Douze symphonies, dix-sept quatuors, d’importants poèmes symphoniques, des ballets, des opéras, des œuvres chorales complètent le catalogue de ce créateur généreux et infatigable. Si ce catalogue révèle des inégalités flagrantes, inévitables, il contient suffisamment d’œuvres maîtresses pour assurer la survie d’une œuvre dont le rayonnement traverse actuellement, du moins en Europe, une éclipse certainement passagère.

Les œuvres principales de Villa-Lobos

• Orchestre. 12 symphonies (1916-1957) : no 3 à 5 forment un cycle (Guerre-Victoire-Paix, avec fanfares et chœurs, 1919-20) ; no 10, Sume Pater patrium, est un vaste oratorio avec solos et chœurs (1952) ; Chôros nos 6, 8, 9, 12, 13 (1925-1929) ; Bachianas brasileiras nos 2, 4, 7, 8 (1930-1944); Descobrimento do Brasil (1937 : 4 suites, la dernière avec chœurs) ; poèmes symphoniques : Myremis (1916), Naufrágio de Kleônicos (1916), Amazonas (1917), Uirapuru (1917), O papagaio do moleque (1932), Madona (1945), Erosão (1950), Odisséia de uma raça (1953); 3 Danças características africanas (1914); Caixinha de boas-festas (1932) ; Alvorada na floresta tropical (1953) ; 2 sinfoniettas (1916 et 1947) ; 2 suites (1959) ; 4 ballets : Ruda (1951), Genesis (1954), Emperor Jones (1956) ; film : Green Mansions (1958) ; orchestre de violoncelles : Bachianas brasileiras nos 1 (1930) et 5 (avec soprano, 1938-1945), Fantaisie concertante (1953) ; orchestre à vent : Fantaisie en forme de Chôros (1958), Concerto grosso (1959), etc.

• Concertos. Piano : 5 concertos (1945-1957) ; Momoprecoce (1929) ; Chôros no 11 (1928) ; Bachianas brasileiras no 3 (1938). Violon : Martirio dos Insetos (1925) ; Fantasia de movimentos mistos (1922). Violoncelle : 2 concertos (1913-1953) ; Fantaisie (1945) ; concertos pour guitare (1951), harpe (1953), harmonica (1955-56) ; fantaisie pour saxophone (1948) ; etc.

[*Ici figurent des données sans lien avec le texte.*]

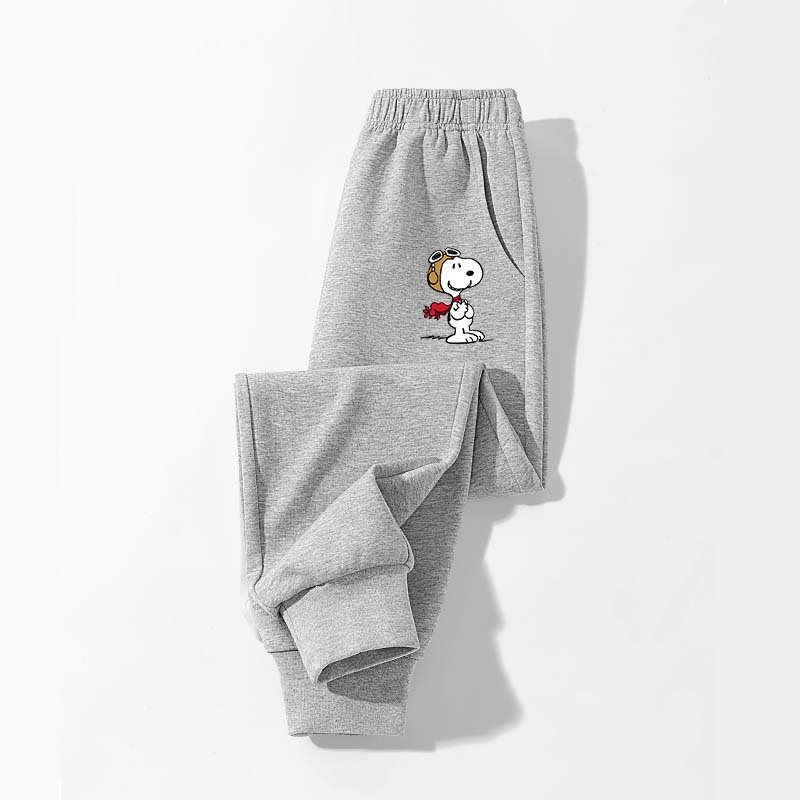 Quần dài cho bé trai ,quần thể thao bé trai bé gái  in hình Snoopy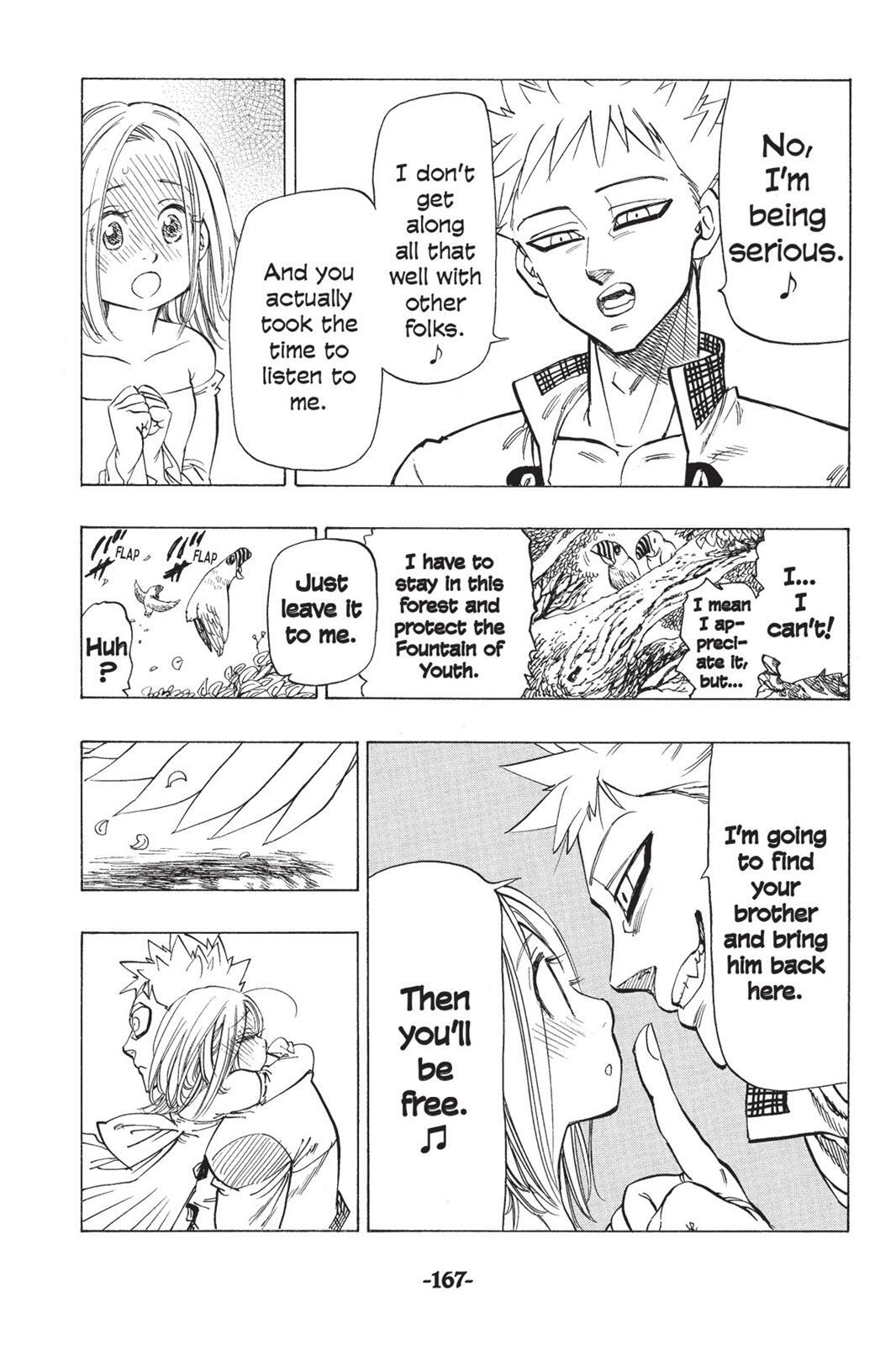 Read The Seven Deadly Sins- Seven Days Manga Online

• Chœurs avec orchestre. Chôros nos 10 et 14 (1926-1928) ; Vidapura (1919) ; Mandu-Çarará (1940) ; Magnificat-Alleluia (1958) ; chœurs a cappella : Messe de saint Sébastien (1937) ; Bachianas brasileiras no 9 (1945) ; Bendita sabedoria (1958) ; etc.

• Opéras. Izaht (1913) ; Magdalena (1947) ; Yerma (1955-56) ; Amenina das nuvens (1957-58).

• Mélodies. Historietas (1920) ; Poème de l’enfant et de sa mère (1923) ; 3 Poemas indígenas (1926) ; Canções típicas brasileiras (1919-1935) ; Serestas (1923-1943) ; Modinhas e Canções (2 vol., 1933-1943) ; Poema de Itabira (1943) ; etc.